For years, game developers of all sizes relied on the Steam network to sell their games and related wares. In exchange for a significant cut of all revenue, Steam would give those developers access to thousands of customers anxious to download the latest puzzler or shoot ‘em up.
In December, Valve, which runs Steam, lowered its cut of developer revenues—provided the developers made over $10 million. If you’re an indie developer, in other words, you’re stuck paying Valve its longtime fee of 30 percent of your earnings. In a posting on Valve’s community forum, the company insisted that the benefits of the cuts would nonetheless trickle down to developers of all sizes: “Successful games and their large audiences have a material impact on those network effects.”
The cuts were clearly intended to entice mega-developers such as Electronic Arts and Activision Blizzard to place their ultra-popular games on Steam. But there are new signs that those massive firms don’t find Valve’s revenue adjustments enticing: according to The Verge, Ubisoft plans to bring The Division 2, the sequel to its hit open-world game, to the new online storefront set up by Epic Games, which also created the Unreal game-development platform that many tech pros rely upon (not to mention the ultra-popular Fortnite game, seen in the image above).
Launched in December, Epic Games’ online store takes only a 12 percent cut of gaming revenues. “As a developer ourselves, we have always wanted a platform with great economics that connects us directly with our players,” Epic CEO Tim Sweeney said about the economics in an interview at the time. Not only is that lower than Valve’s cut—it’s also better than the 30 percent that Apple’s App Store and Google Play demand from game developers.
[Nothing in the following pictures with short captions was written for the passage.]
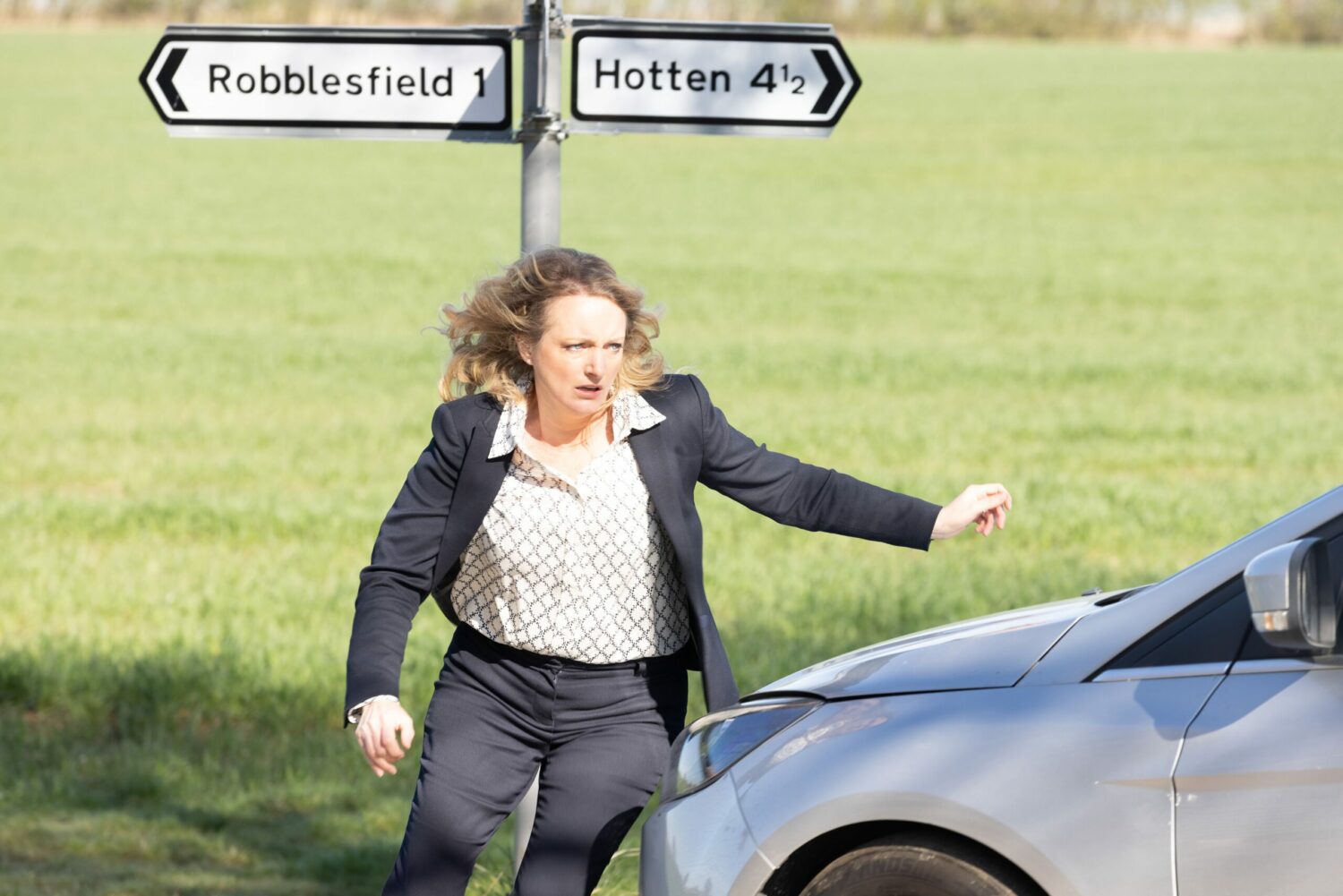 Terrified Nicola King races round to the passenger side of the car in Emmerdale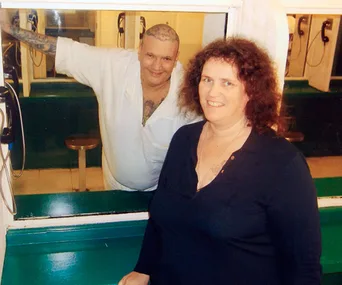In a prison visitation room, a man with tattoos behind glass smiles beside a woman in a dark shirt.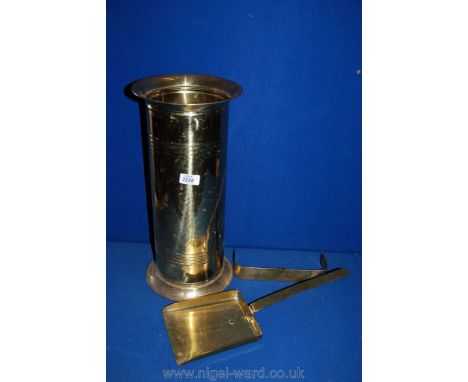 A cylindrical Brass stick stand, miniature Brass Fender and brass shovel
Here’s the trailer for The Division 2. As you can see, it’s the sort of thing that takes an army of tech pros a couple of years (and many millions of dollars) to create; placing it on the Epic Games’ storefront is not a random experiment or small bet:
There’s every chance that The Division 2 (which launches March 15) could attract other big games to the Epic storefront, especially if it does well. But the real game here (so to speak) might take place among smaller developers; if gamers flock to Epic (and stay there), it could give developers a chance to take home more cash from their hard work. Would that, in turn, convince Valve to further lower its fees? That’s a much harder question to answer.